The data -
Content starts

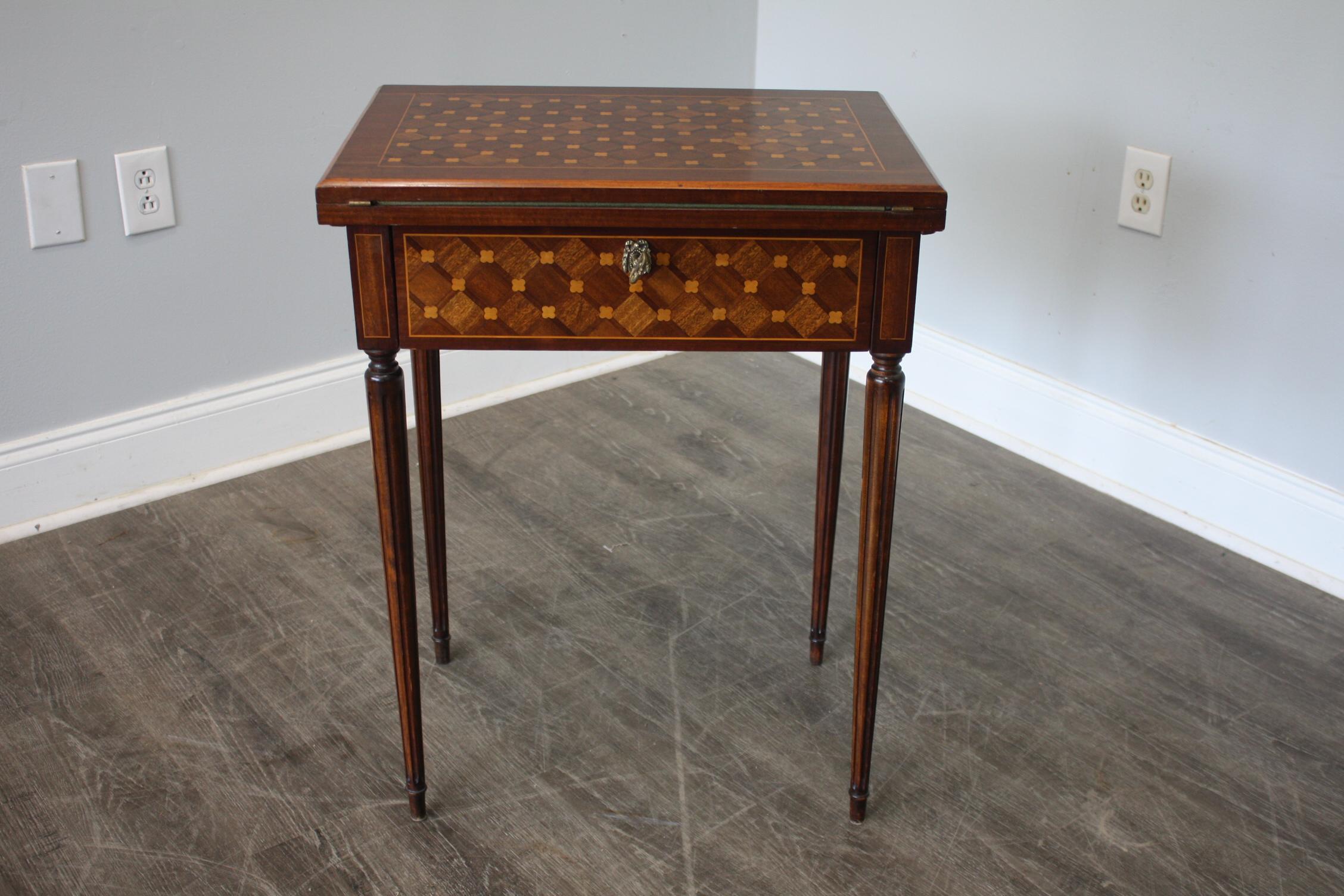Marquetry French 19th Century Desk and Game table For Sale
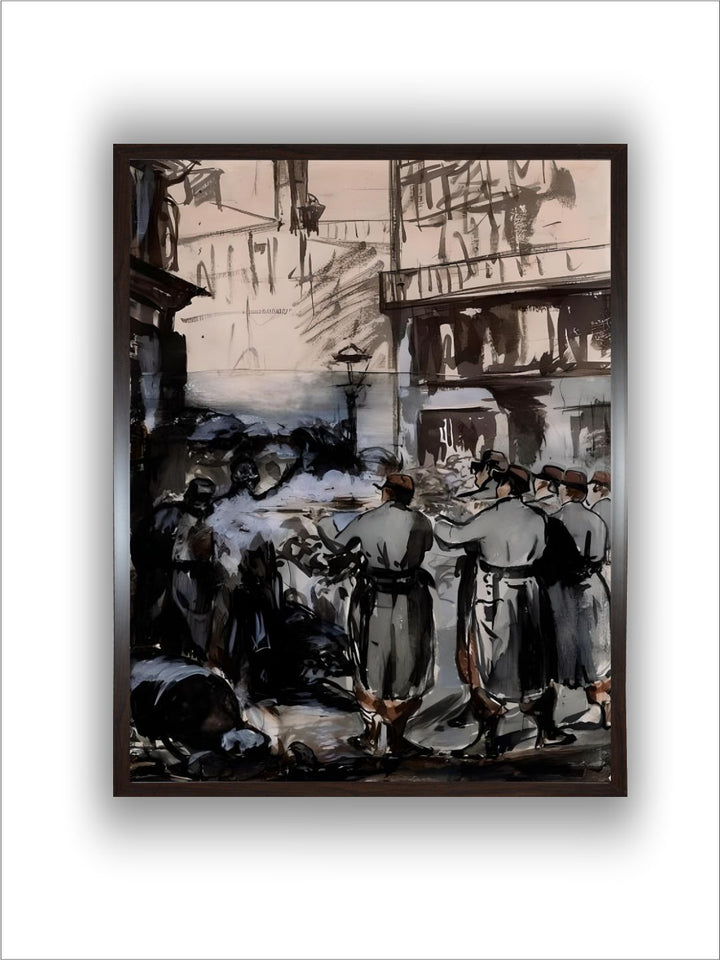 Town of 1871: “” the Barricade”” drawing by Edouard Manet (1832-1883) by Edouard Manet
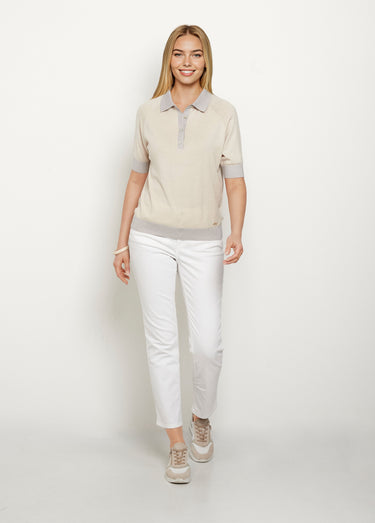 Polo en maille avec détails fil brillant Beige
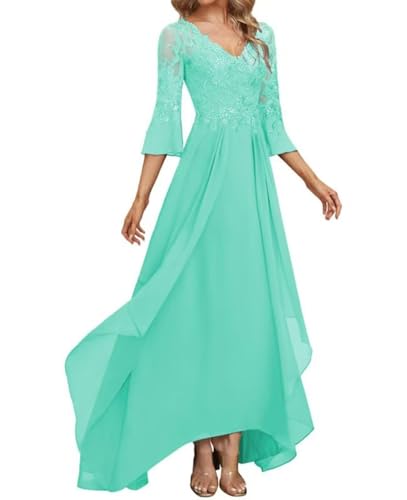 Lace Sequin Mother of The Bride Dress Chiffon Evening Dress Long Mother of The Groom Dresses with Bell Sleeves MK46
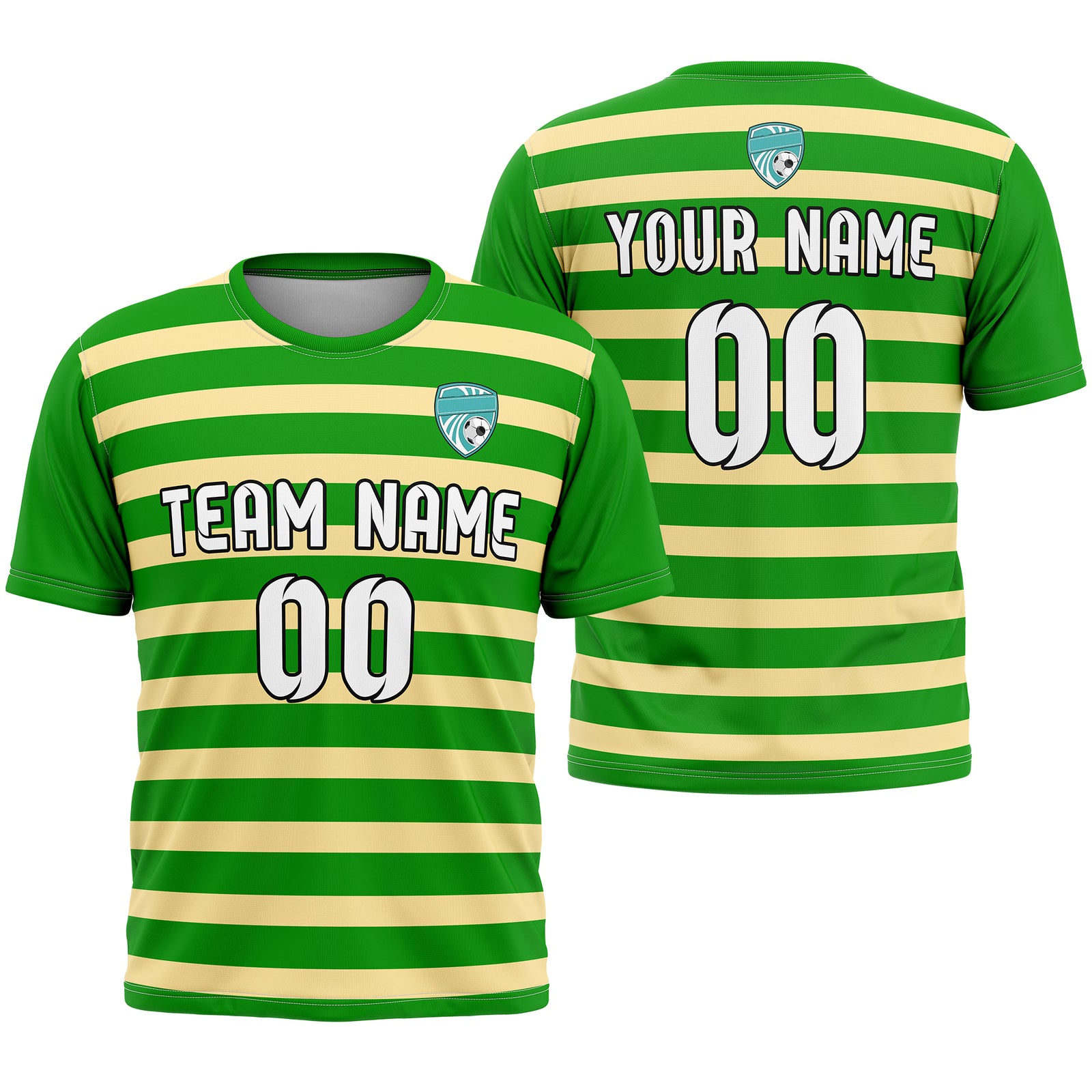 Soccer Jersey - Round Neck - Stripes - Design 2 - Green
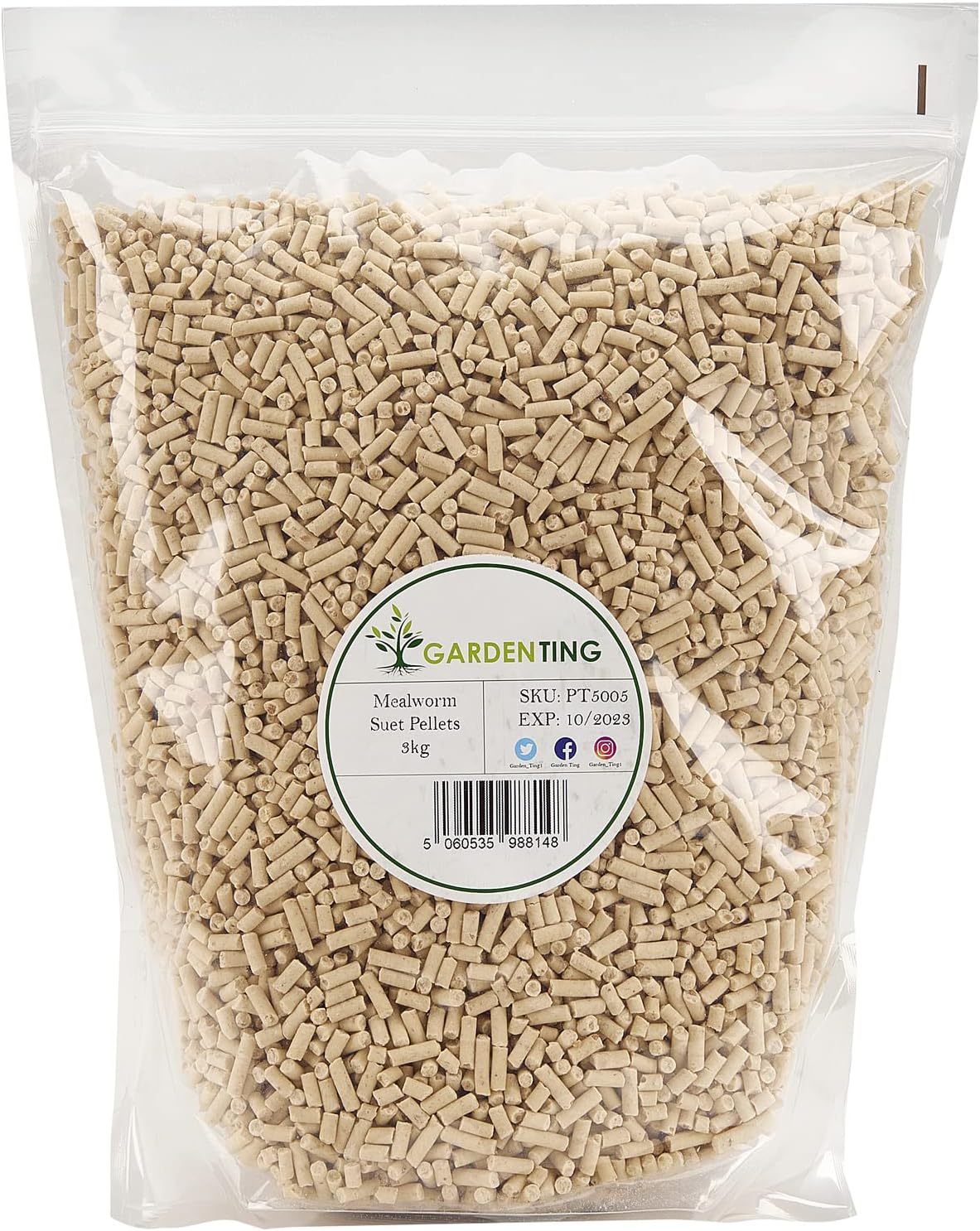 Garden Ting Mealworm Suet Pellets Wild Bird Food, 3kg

Content ends

Print the material again, unchanged, without its pictures.

Marquetry French 19th Century Desk and Game table For Sale
 Town of 1871: “” the Barricade”” drawing by Edouard Manet (1832-1883) by Edouard Manet
 Polo en maille avec détails fil brillant Beige
 Lace Sequin Mother of The Bride Dress Chiffon Evening Dress Long Mother of The Groom Dresses with Bell Sleeves MK46
 Soccer Jersey - Round Neck - Stripes - Design 2 - Green
 Garden Ting Mealworm Suet Pellets Wild Bird Food, 3kg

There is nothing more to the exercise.